ストーリーは、現代よりもはるか未来の話で、学生のみの宇宙キャンプとして自然公園に指定されている惑星に降り立った少年少女9名が、謎の球体に飲み込まれ、母星より5200光年先の宇宙空間に放り出される。少年たちは偶然発見した宇宙船『アストラ号』に乗船し、近くの惑星で補給をしながら、母星への帰還を目指す、といったものになっている。この物語の最大の謎は、言うまでもなくB5班がキャンプに送られた目的、およびそれを仕組んだ人物である。劇中では今のところ、B5班はランダムではなく意図的に集められた集団ではないかということ、またそれができたのは教職、ないし学校に影響力がある人物ではないかという想像がされている。伏線は各惑星ですぐに回収される小さなものや、ウルガーの銃や船内の裏切り者など、後々に関わってきそうなものもある。いずれにしろ、現在の段階では先の展開は読めない。個人的に好感が持てたのは、一番想像しやすいといえる第3者の仕掛けた試験、という可能性を、ルカが劇中で発言することで潰したことである。この状況には絶対的な悪意があり、それを跳ね除けるストーリーである、と考えておく方が、のちの展開に期待が持てる。

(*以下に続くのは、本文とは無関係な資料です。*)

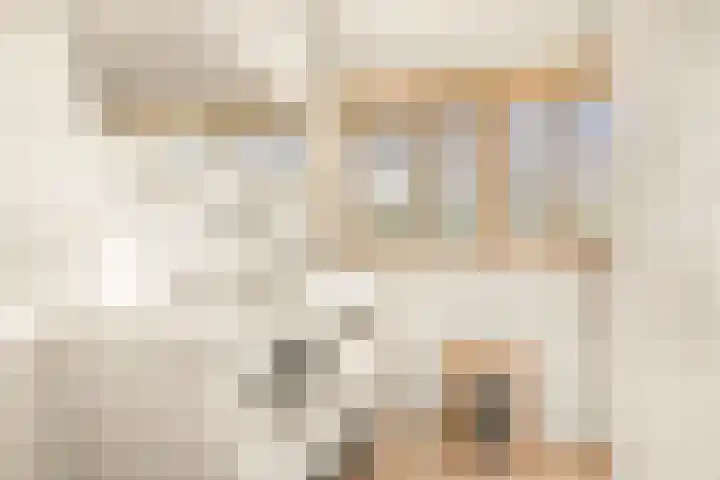 Tureluur 13 Velserbroek thumbnail 42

キャラクターデザインや描写は、そつなく出来ている。アニメーションの作画は良いし、万人受けしそうな顔立ちであると感じる。各クルーのそれぞれに得意な分野があるのも、キャラクターを立たせるうえで不可欠である。しかし、尖った特徴が無いのも事実で、特定のキャラクターに入れ込むといったようなアニメではないようだ。

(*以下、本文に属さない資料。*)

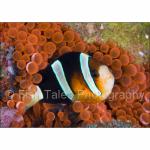 SU08-C0518: Orange-finned Anemonefish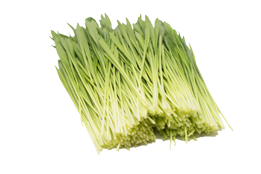 大麦若葉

欠点としては、ところどころ挿入されるギャグ、コメディパートが決定的につまらないということである。笑える・笑えないと感じるのは、個人個人の感性によるものなので、あくまで個人的に合わなかっただけかもしれないが、あれらのギャグはあってもなくても話の本筋が全く変わらない。内容は骨太でワクワクするだけに、ギャグ描写は最低限、キャラクターの味付け程度に収めてほしかったものだが、それができないのは原作者が元ギャグ漫画家であるためか。ストーリー展開も、特に序盤は惑星をたどって帰ることを真っ先に考えつかないものか、母星に帰らずとももっと近くの地球管轄の惑星で救助を待つことはできないのか、などやや無理があると感じたが、欠点と呼ぶまでには至らないと思える。

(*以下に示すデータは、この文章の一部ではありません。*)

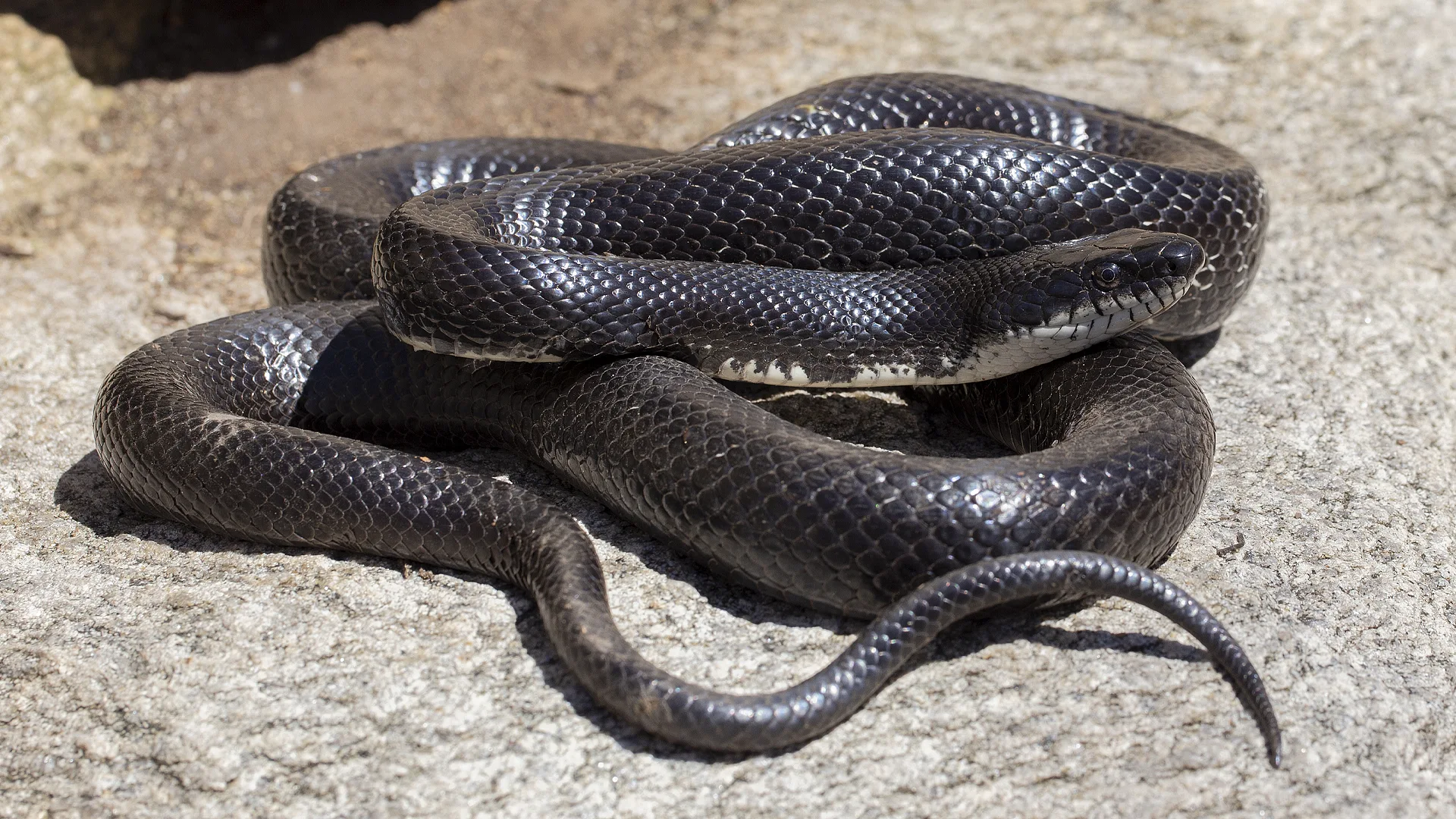 Eastern Rat Snake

総評としては、手堅いキャラクター・世界観と先の読めないストーリーで、安定感ある面白さのアニメとなっている。原作が完結済み、なおかつそこまでの長編ではないということもあって、原作に忠実な描写で進んでいくだろう。9人が無事に母星へ戻れるかどうか、今後も期待して視聴させてもらおうと思う。